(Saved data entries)
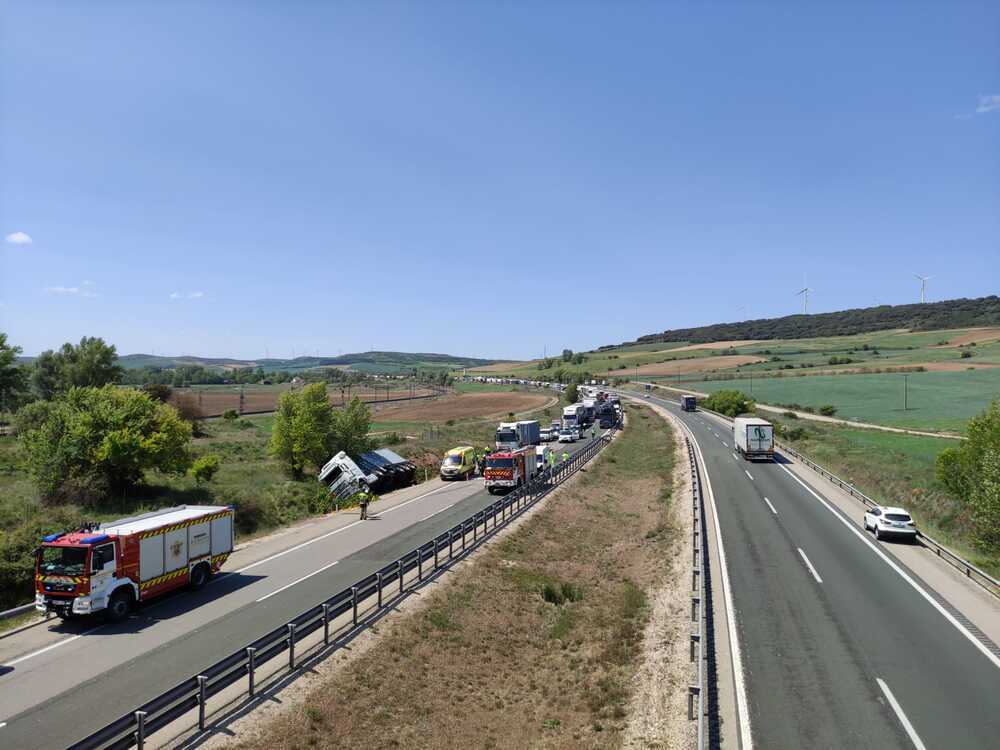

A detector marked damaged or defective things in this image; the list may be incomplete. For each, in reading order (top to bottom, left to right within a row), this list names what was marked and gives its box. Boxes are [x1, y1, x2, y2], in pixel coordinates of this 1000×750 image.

overturned truck [318, 450, 416, 502]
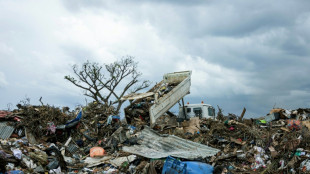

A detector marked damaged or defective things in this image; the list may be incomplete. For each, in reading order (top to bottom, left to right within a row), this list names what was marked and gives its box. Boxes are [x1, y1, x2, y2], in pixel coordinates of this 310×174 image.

overturned truck [121, 70, 191, 126]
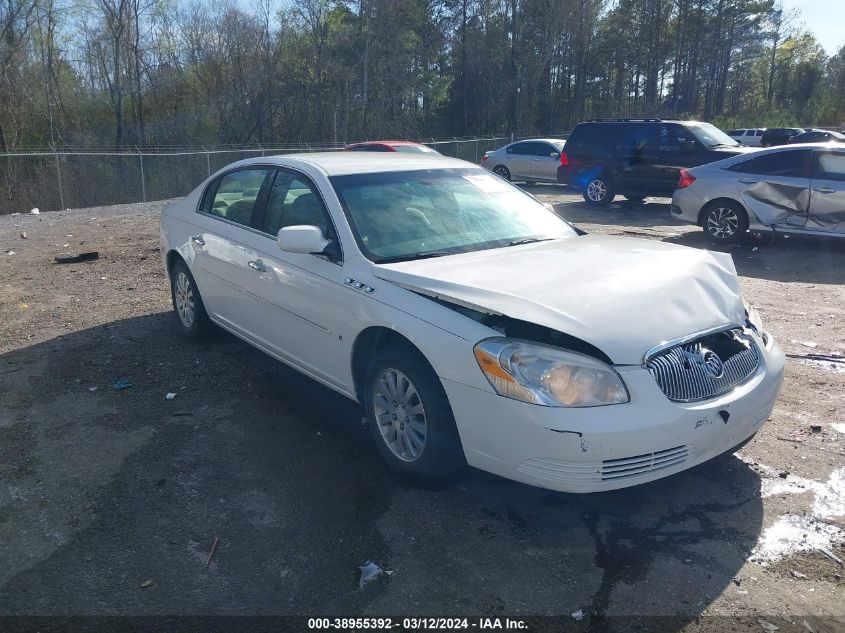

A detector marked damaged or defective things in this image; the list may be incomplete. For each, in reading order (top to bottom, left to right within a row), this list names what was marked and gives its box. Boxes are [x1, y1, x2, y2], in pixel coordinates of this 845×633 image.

damaged silver car [668, 144, 840, 243]
damaged front bumper [446, 330, 780, 494]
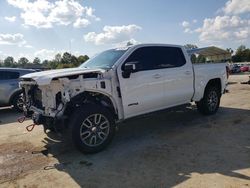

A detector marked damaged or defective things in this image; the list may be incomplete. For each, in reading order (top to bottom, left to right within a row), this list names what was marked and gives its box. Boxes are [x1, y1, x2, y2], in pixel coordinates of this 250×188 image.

damaged front end [19, 70, 113, 133]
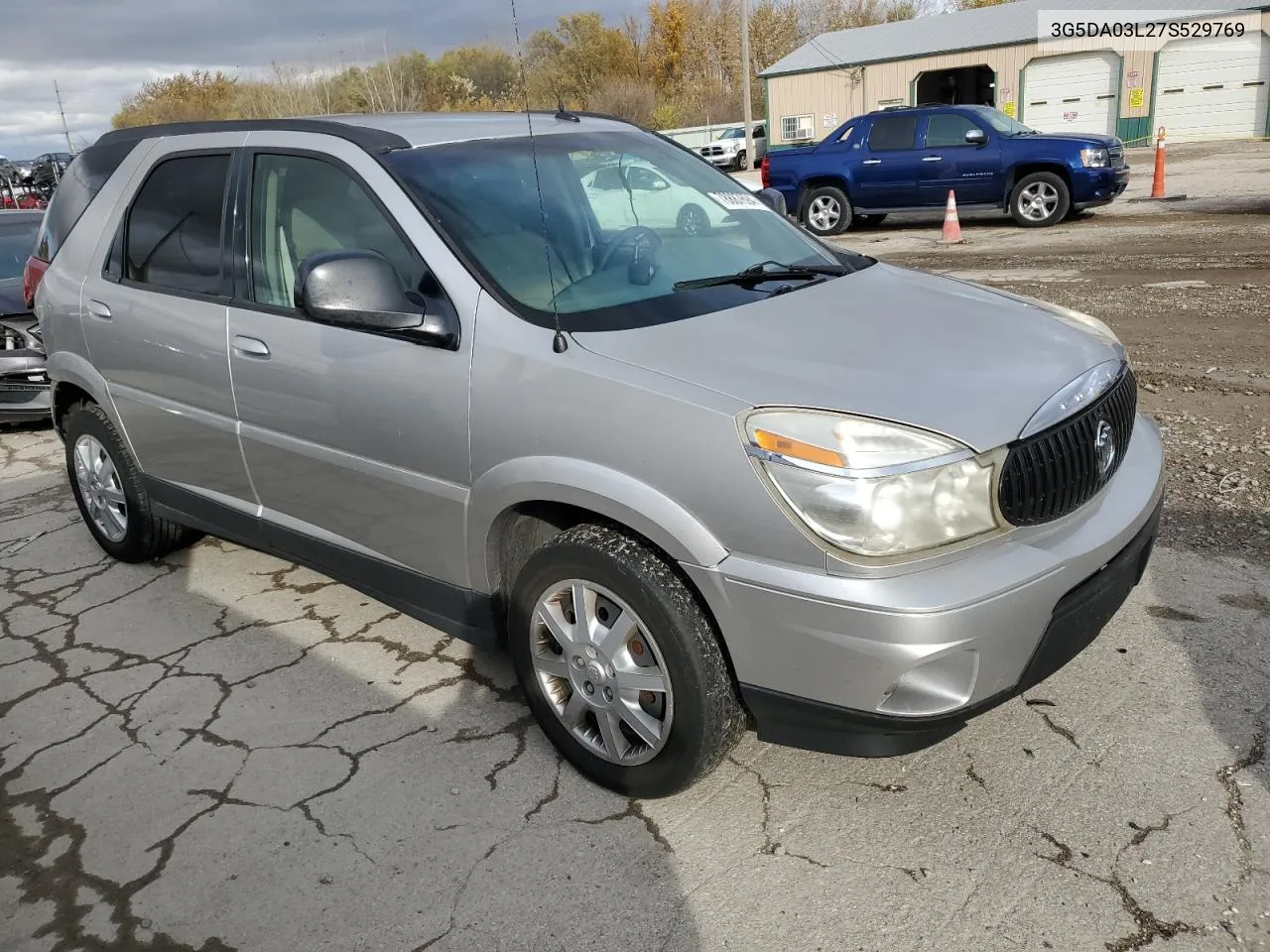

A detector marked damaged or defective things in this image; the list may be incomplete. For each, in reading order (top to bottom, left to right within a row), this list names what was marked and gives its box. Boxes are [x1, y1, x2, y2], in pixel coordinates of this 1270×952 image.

cracked concrete pavement [2, 426, 1270, 952]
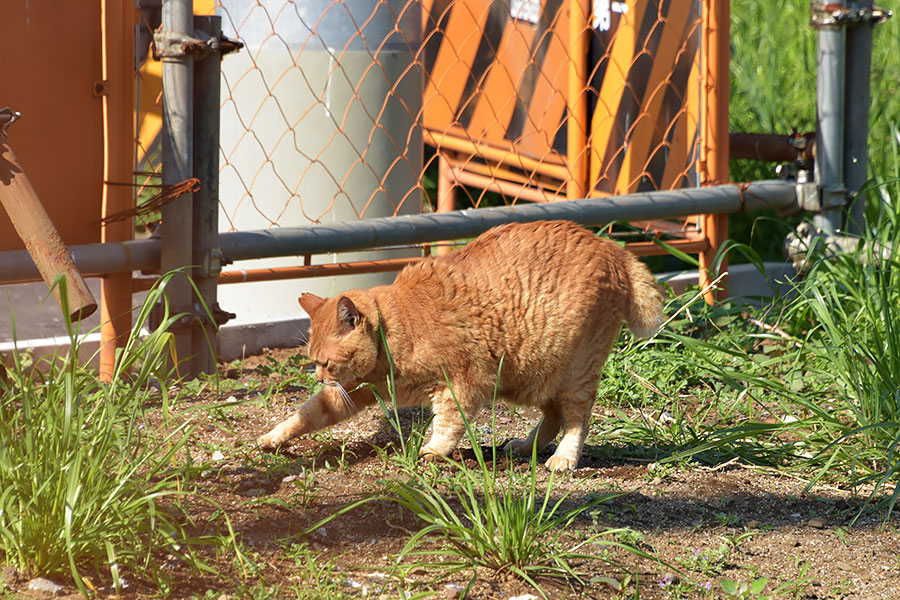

PROBLEM DESCRIPTION >> Beginning with the line holding "this 845×633 image.", copy each line exactly through the end of the records above, and leave every picture out.

YOUR SOLUTION >>
A detector marked damaged or defective things in this image; the list may be incomplete. For each, in reading order (top to bottom, left to right within a row), this list names what was marked and gives its box. Boxes are [x1, y1, x2, y2], in pixel coordinates of this 845×633 image.

damaged silver car [668, 144, 840, 243]
damaged front bumper [446, 330, 780, 494]

A detector marked damaged or defective things in this image; the list may be incomplete. For each, in reading order (top to bottom, left to right within a row), this list names what was marked and gives its box. Boxes are [x1, y1, x2, y2], in pixel coordinates of this 250×188 image.

damaged front end [19, 70, 113, 133]

A detector marked damaged or defective things in this image; the list may be incomplete. For each, in reading order (top to bottom, left to right within a row), this list names what was marked and gives its box. Boxes are [x1, y1, x2, y2], in pixel coordinates of this 1270×952 image.

cracked concrete pavement [2, 426, 1270, 952]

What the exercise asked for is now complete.